2. Amendment to Section 1(i). The definition of “Interested Stockholder” set forth in Section 1(i) of the Rights Agreement is hereby amended by adding the following sentence to the end of said definition:
“Notwithstanding anything in this Agreement to the contrary, none of Parent, Purchaser or any of their respective Affiliates or Associates shall be or become an Interested Stockholder, and the term “Interested Stockholder” shall not include any of Parent, Purchaser or any of their respective Affiliates or Associates, solely by reason of (i) the approval, execution, delivery, performance, consummation or public announcement of the Merger Agreement, (ii) the approval, commencement, consummation or public announcement of the Offer or Merger or (iii) the approval, execution, delivery, performance, commencement, consummation or public announcement of any of the other transactions contemplated by the Merger Agreement.”

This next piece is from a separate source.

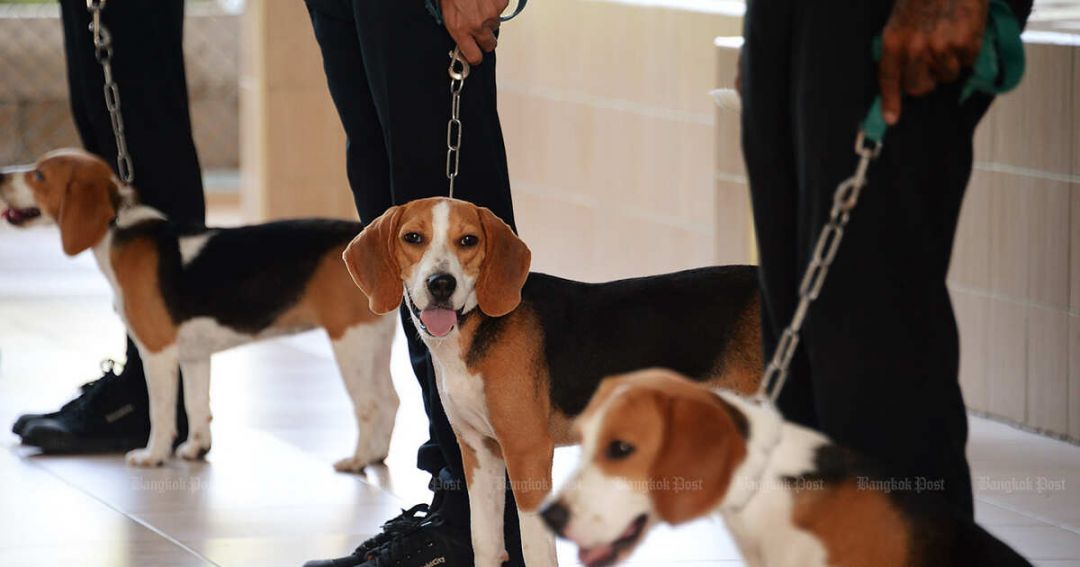 В четырех тюрьмах Таиланда заключенным разрешат заводить собак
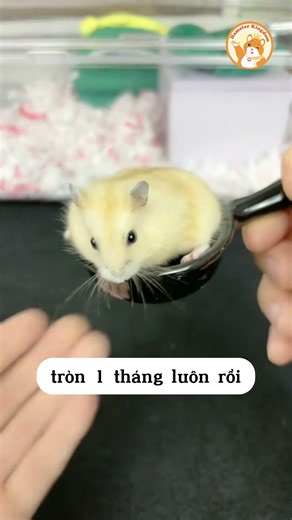 Chuột Hamster trong tưởng tượng và thực tế #hamster #short 🐹 #Shorts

3. Amendment to Section 1(n). The definition of “Shares Acquisition Date” set forth in Section 1(n) of the Rights Agreement is hereby amended by adding the following sentence to the end of said definition:
“Notwithstanding anything in this Agreement to the contrary, no Shares Acquisition Date shall be deemed to have occurred solely as a result of (i) the approval, execution, delivery, performance, consummation or public announcement of the Merger Agreement, (ii) the approval, commencement, consummation or public announcement of the Offer or Merger or (iii) the approval, execution, delivery, performance, commencement, consummation or public announcement of any of the other transactions contemplated by the Merger Agreement.”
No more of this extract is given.